The control part 400 is fixed with the valve body 100 through a cover body 460, the valve body 100 is provided with a cavity with an opening, and the cover body 460 is fixed in the cavity through a screw connection mode and keeps a certain distance from the bottom of the cavity; the shell 450 is fixedly inserted into the cover 460, the sealing head 440 is fixed at the upper end of the shell 450 to seal the upper end opening of the shell 450, the core iron 410 is arranged in the shell 450, one end of the core iron return spring 430 is abutted with the sealing head 440, the other end is abutted with the core iron 410, and the core iron 410 can move along the axial direction of the shell 450.

Specifically, the upper end of the core iron 410 has a positioning groove in which the lower end of the core iron return spring 430 is inserted to define its position.

As above, the valve guide chamber 130 is formed between the control member 400 and the valve body 100.

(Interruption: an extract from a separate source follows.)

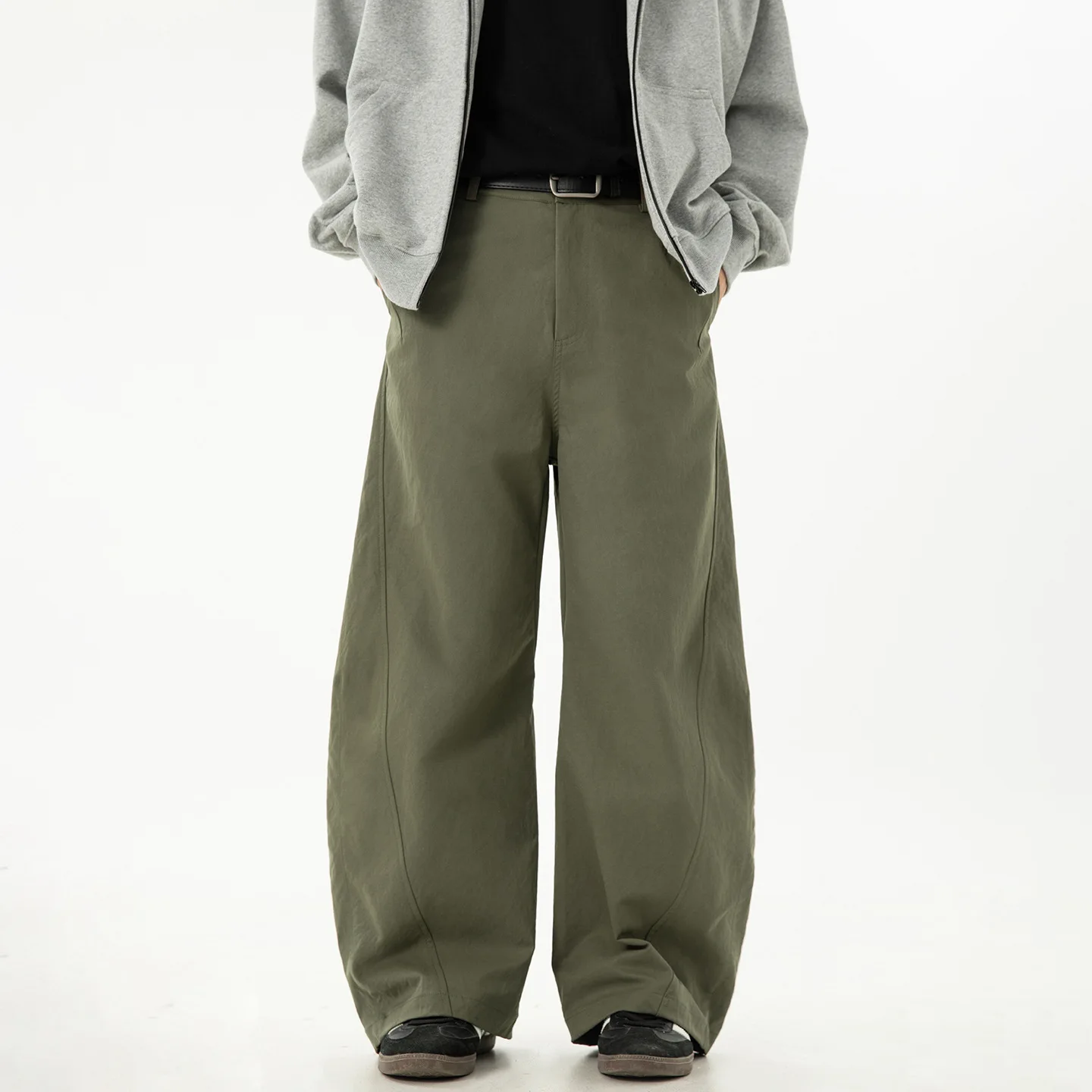 

Side Segmentation Patchwork Machete Casual Pants Men Loose Wide legs Trouser Autumn Streetwear Fashion Vintage Pant High-quality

The valve body 100 further includes a pilot valve runner 140, the pilot valve runner 140 can be communicated with the pilot valve cavity 130 and the fluid outlet 112, the end of the pilot valve runner 140, which is communicated with the pilot valve cavity 130, is a pilot valve opening, and a pilot valve core 420 of the control component can vertically move under the drive of a core iron 410 to open or close the pilot valve opening, so that the pilot valve cavity 130 and the fluid outlet 112 are in a communicating state or a cutting-off state.

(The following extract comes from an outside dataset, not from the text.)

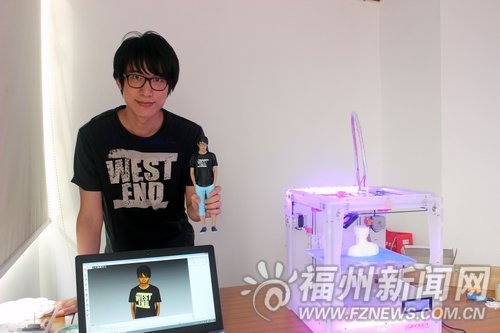 大学生创业开3D打印公司 瞄准婚庆市场定制人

When the coil of the control part 400 is electrified, under the action of electromagnetic force, the core iron 410 drives the pilot valve core 420 to move upwards together and to be attracted with the seal head 440 so as to open the pilot valve opening, and the pilot valve cavity 130 is communicated with the fluid outlet 112 through the pilot valve flow passage 140; when the coil is de-energized, the core iron 410 drives the pilot valve core 420 to move downward together under the restoring force of the core iron restoring spring 430 to abut the pilot valve mouth to disconnect the pilot valve chamber 130 from the fluid outlet 112.

In a specific aspect, the balancing flow passage of the valve body component includes a valve guiding cavity 130, a balancing hole 160, a first communication flow passage 150 and a second communication flow passage 220, where the valve guiding cavity 130 is communicated with the second chamber 210 through the first communication flow passage 150 and the second communication flow passage 220, and the valve guiding cavity 130 is communicated with the fluid inlet 111 through the balancing hole 160.

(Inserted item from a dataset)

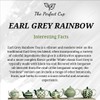 Earl Grey Rainbow Loose Leaf Tea, Bergamot Oil, Resealable Pouch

Specifically, the first communication flow passage 150 is formed in the valve body 100, and the second communication flow passage 220 is formed in the valve cover 200.

In particular arrangements, the flow area of the pilot valve flow passage 140 is greater than the flow area of the balance orifice 160.

When the coil of the control member 400 is in the state of closing the pilot valve opening portion of the pilot valve flow passage 140 after the above arrangement is operated, the control member 400 is in the state of closing the pilot valve opening portion of the pilot valve flow passage 140, the fluid inlet 111 is supplied with high-pressure fluid, the high-pressure fluid flows to the pilot valve chamber 130 through the balance hole 160, and the high-pressure fluid flowing into the pilot valve chamber 130 can flow to the second chamber 210 through the first communication flow passage 150 and the second communication flow passage 220 because the passage between the pilot valve chamber 130 and the fluid outlet 112 is interrupted at this time, the chamber pressures on both sides of the diaphragm 310 are different, the second chamber 210 is a high-pressure chamber, the first chamber 110 communicating with the fluid inlet 111 is a low-pressure chamber, and the diaphragm 310 is pressed against the main valve opening portion 113 under the action of the pressure difference and the diaphragm return spring 330, thereby closing the main valve opening portion and interrupting the fluid inlet 111 and the fluid outlet 112.

When the coil of the control part 400 is energized, the control part 400 is in a state of opening the pilot valve mouth part of the pilot valve runner 140, at this time, high-pressure fluid in the second chamber 210 is discharged to the fluid outlet 112 through the second communication channel 220, the first communication channel 150, the pilot valve cavity 130 and the pilot valve runner 140, and since the flow area of the pilot valve runner 140 is larger than that of the balance hole 160, at this time, the second chamber 210 is a low-pressure cavity, the first chamber 110 communicated with the fluid inlet 111 is a high-pressure cavity, and the diaphragm 310 opens the main valve mouth of the main valve mouth part 113 under the action of pressure difference, so that the communication between the fluid inlet 111 and the fluid outlet 112 is realized.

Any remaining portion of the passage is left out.